Estoy a punto de empezar una nueva etapa en mi vida. Me voy al extranjero a ganar ni para un plato de
lentejas, por un tiempo indeterminado y con una estabilidad incierta. Y, sin
embargo, todo pinta mejor que aquí. Es más, me voy con ilusión. Hasta me hace
feliz gritar “ME LARGO”. Y no. No es porque me aburra por no trabajar. Mi día a
día se compone de muchas cosas más que me mantienen ocupada y me
llenan. Lo que me aburre es este país, su gente y sus perspectivas de futuro. Y, en general, los propósitos de vida de la mayoría. Me aburren tanto
que me hacen bostezar hasta casi desencajarme la mandíbula.
Me dice la gente: “¿Y por qué no intentas buscar nada aquí?”

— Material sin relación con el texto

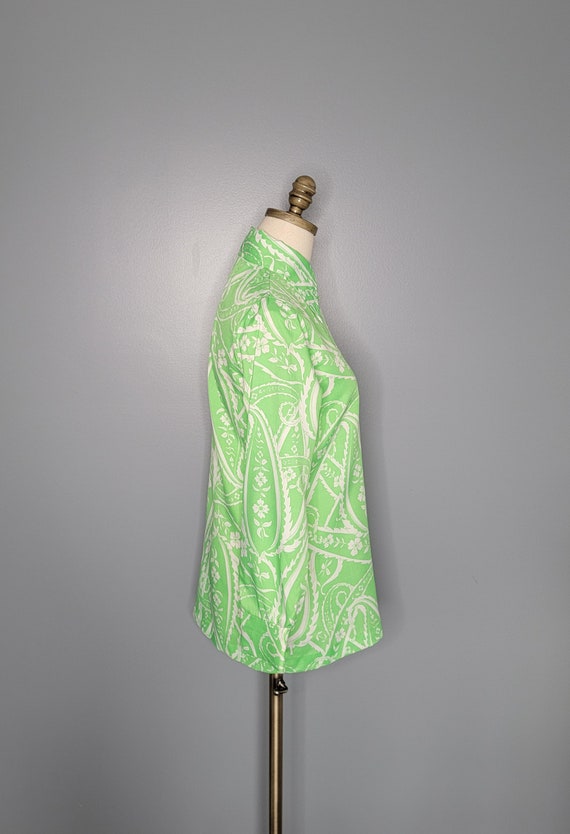 70s Alfred Dunner Green and White Paisley - image 5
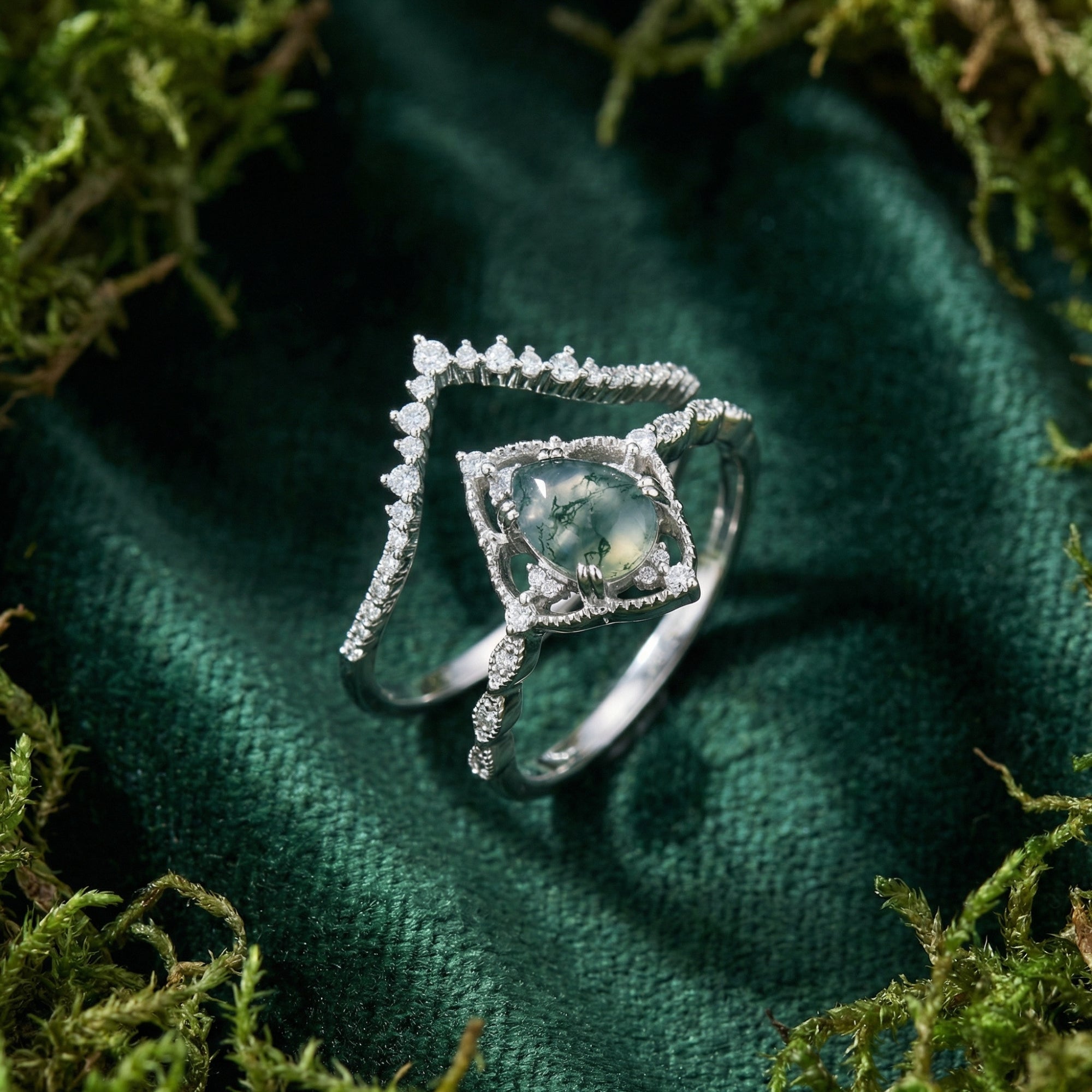 Diamant Bezette Ovale Natuurlijke Agaat Ring Set - S925 Sterling Zilver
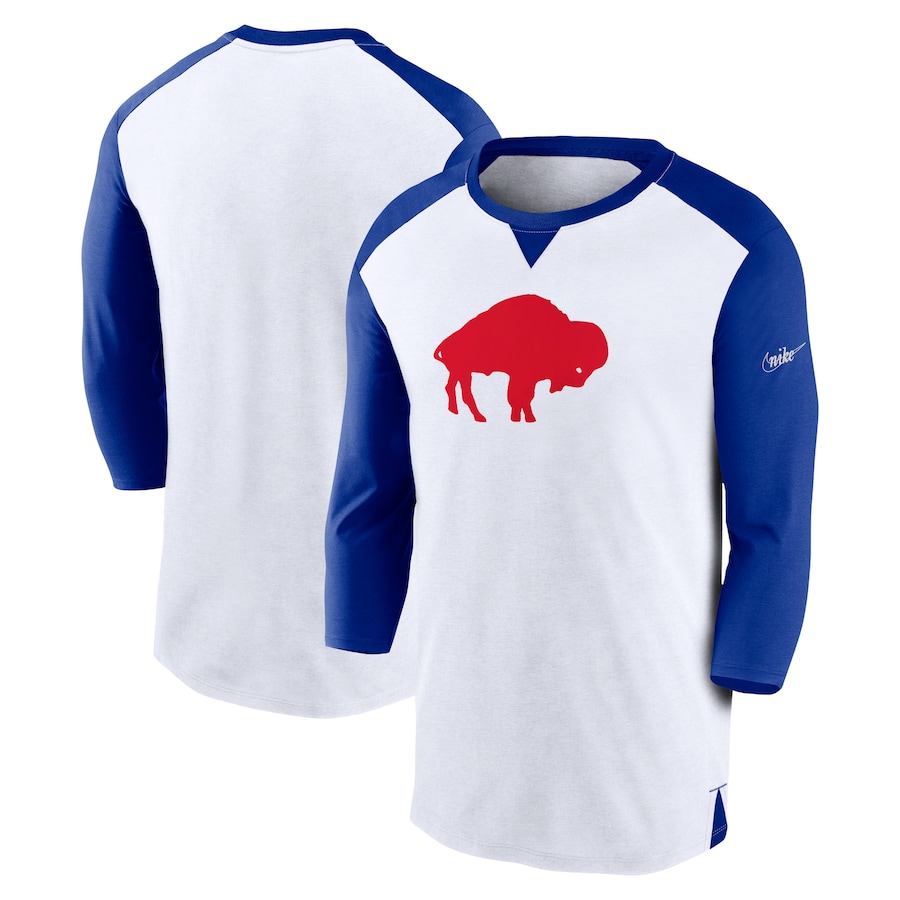 Buffalo Bills Football White/Royal Rewind 3/4-Sleeve T-Shirt - Man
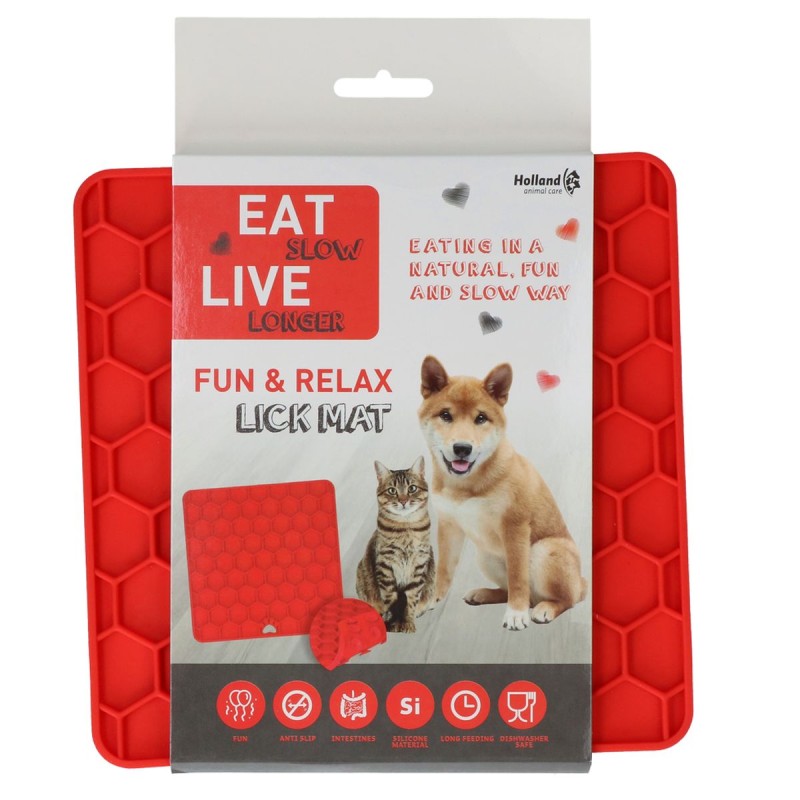 Slikkemåtte Honeycomb Rød Eat Slow Live Longer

— “¿Acaso crees que no lo he
intentado?”, respondo. Yo y la gran mayoría de jóvenes
parados que hay en España a día de hoy. Sinceramente, no me apetece enviar más
CVs a gente a la que le importa lo mismo mi candidatura que si Timor Oriental
se hunde. Y que no me digan que soy pesimista. No hay nadie que
ponga más entusiasmo en escribir una carta de presentación que yo. Hasta estoy
por poner un emoticono de una carita sonriente al final para dar una imagen de
chica simpática y optimista. Pero es que a nadie le importa. Y yo he aprendido
con el paso del tiempo que si no le importas a alguien es mejor cuanto más
lejos.
A ver, pensemos. ¿A quién le importamos de verdad? A nuestra
familia, a nuestra pareja, a nuestros amigos, a nuestra mascota (solo en caso
de que seamos los encargados de alimentarla)… Pensemos de nuevo. ¿Con quién suele esforzarse menos la gente en estar a la altura? Precisamente con personas de estos círculos. Existe una tendencia perniciosa a agachar la cabeza, pedir disculpas y
sentir vergüenza ante personas que ofrecen a cambio indiferencia,
humillación y, en el mejor de los casos, un salario indigno. Luego, uno llega a
casa y se olvida de lo dadivoso que puede llegar a ser cuando prima el interés. Luchas encarnizadas por herencias, relaciones de pareja rotas por
desconfianza, amistades plagadas de cuchillos en la espalda, malos modos en el entorno más próximo, perros humillados vestidos como bebés... Y, mientras tanto, los que se burlan y aprovechan de otros, reciben a cambio generosidad para que la relación de "por el interés te quiero Andrés" o esclavolaboral salga adelante. El género
humano es así de imbécil.
Seamos honrados, diligentes, y pidamos una respuesta a la altura en todos los ámbitos de
nuestra vida. En casa y en el trabajo. Entre amigos y entre desconocidos. Demos y
exijamos en la misma medida. Amistades de calidad, amor de calidad, relaciones humanas de calidad, trabajo de calidad. Y por mucho que rece la publicidad que la calidad no es cara, como casi todo lo que sale en los anuncios, es mentira. Exigir calidad puede conllevar
frustración, enfado, decepción e incluso dolor emocional. Pero si no la
exigimos nos convertimos en conformistas, nos autoengañamos y se nos pone en la cara una falsa sonrisa a modo de mueca. Lo cual, nos resta toda calidad.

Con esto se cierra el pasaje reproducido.